From: Eric Prud'hommeaux <eric@w3.org>
Date: Wed, 8 Jul 2009 12:58:30 -0400
To: Lee Feigenbaum <lee@thefigtrees.net>
Cc: SPARQL Working Group <public-rdf-dawg@w3.org>
Message-ID: <20090708165830.GD24527@w3.org>
* Lee Feigenbaum <lee@thefigtrees.net> [2009-07-08 01:13-0400]
> On yesterday's call, we spent a lot of time trying to understand the  
> differences between MINUS and UNSAID.
> I'm using this email to try to bring things together for myself, with  
> the help that one or more of the following will happen:
> a) it will help someone else similarly
> b) others will point out where i'm wrong
> c) if i understand it i'll be able to help explain it to others
> d) if i understand it i'll be able to formulate an informed opinion
> I'll start with MINUS, since we actually spent more time on that in  
> today's call. On the call, we came up with 3 potential definitions of  
> MINUS, which I'll recap here.
> In general, MINUS is a binary operation between solution sets. I use A  
> to represent the left-hand side (LHS) solution set of the MINUS operator  
> and B to represent the right-hand side solution set.
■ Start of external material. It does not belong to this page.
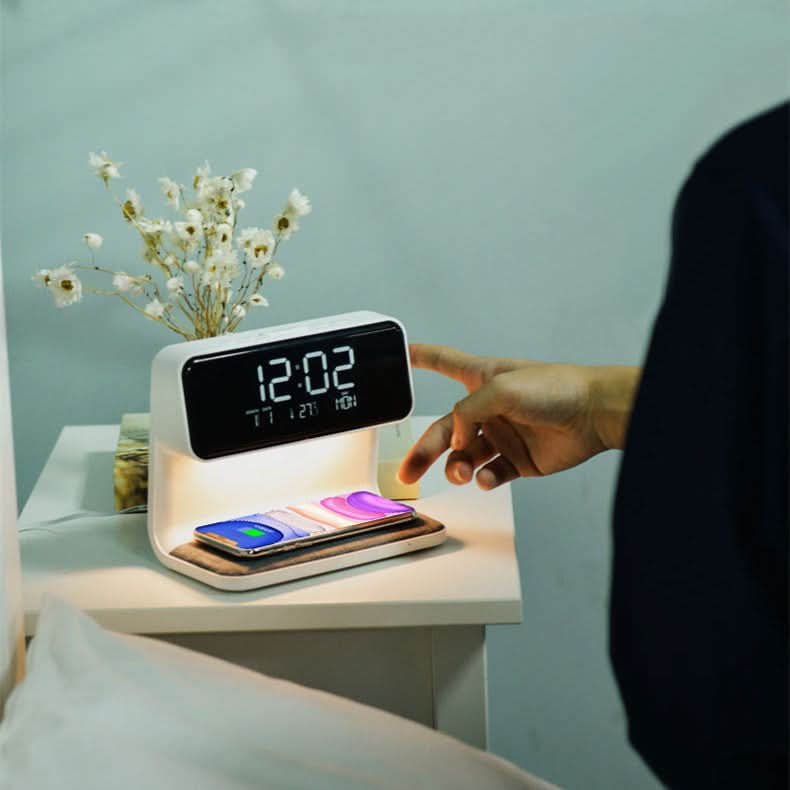 Digitale Wekker met Dimbare LED-Lamp en Draadloze Oplader – Multifunctionele Wekkerradio 3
In all cases, the  
> result of MINUS is always a (improper) subset of A -- the three  
> definitions differ in how to determine whether a particular solution  
> within A is retained or not.
> == MINUS-Set ==
> This was -- possibly erroneously -- called the SQL definition of MINUS  
> on the call. The idea is that it's a strict set difference operation --  
> a solution is removed from A only if that exact solution (same exact  
> bindings, no more & no less) occurs within B. There may be a slightly  
> looser version of this in which a solution is removed from A if that  
> solution is a subset of a solution in B.
> I'm guessing that the cardinality here is preserved - i.e., this would  
> really be multiset difference.

Let's assume that *our* MINUS is multiset, for consistency with our
UNION (which is analogous to SQL's UNION ALL). Most of SQL defaults
to preserving cardinality, apart from UNION and MINUS.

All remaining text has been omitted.